Published: 6 January 2012

Abstract

Background

Governments and donors all over Africa are searching for sustainable, affordable and cost-effective ways to improve the quality of malaria case management. Widespread deficiencies have been reported in the prescribing and counselling practices of health care providers treating febrile patients in both public and private health facilities. Cameroon is no exception with low levels of adherence to national guidelines, the frequent selection of non-recommended antimalarials and the use of incorrect dosages. This study evaluates the effectiveness and cost-effectiveness of introducing two different provider training packages, alongside rapid diagnostic tests (RDTs), designed to equip providers with the knowledge and practical skills needed to effectively diagnose and treat febrile patients. The overall aim is to target antimalarial treatment better and to facilitate optimal use of malaria treatment guidelines.

Methods/Design

A 3-arm stratified, cluster randomized trial will be conducted to assess whether introducing RDTs with provider training (basic or enhanced) is more cost-effective than current practice without RDTs, and whether there is a difference in the cost effectiveness of the provider training interventions.
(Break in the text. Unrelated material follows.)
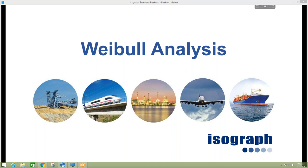Today we've got Dr. David Wiseman on the line here with us. He's our lead technical support for Isograph. He'll briefly be giving a high-level overview of our Weibull analysis tool, and if you have any additional questions afterwards, please feel free to visit our website at isograph.com. You can download a free demo of our software or reach out to us directly.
The primary outcome is the proportion of patients attending facilities that report a fever or suspected malaria and receive treatment according to malaria guidelines. This will be measured by surveying patients (or caregivers) as they exit public and mission health facilities. Cost-effectiveness will be presented in terms of the primary outcome and a range of secondary outcomes, including changes in provider knowledge. Costs will be estimated from a societal and provider perspective using standard economic evaluation methodologies.

Trial Registration

ClinicalTrials.gov: NCT00981877

Keywords:
Cost-effectiveness; malaria; Rapid Diagnostics tests (RDTs)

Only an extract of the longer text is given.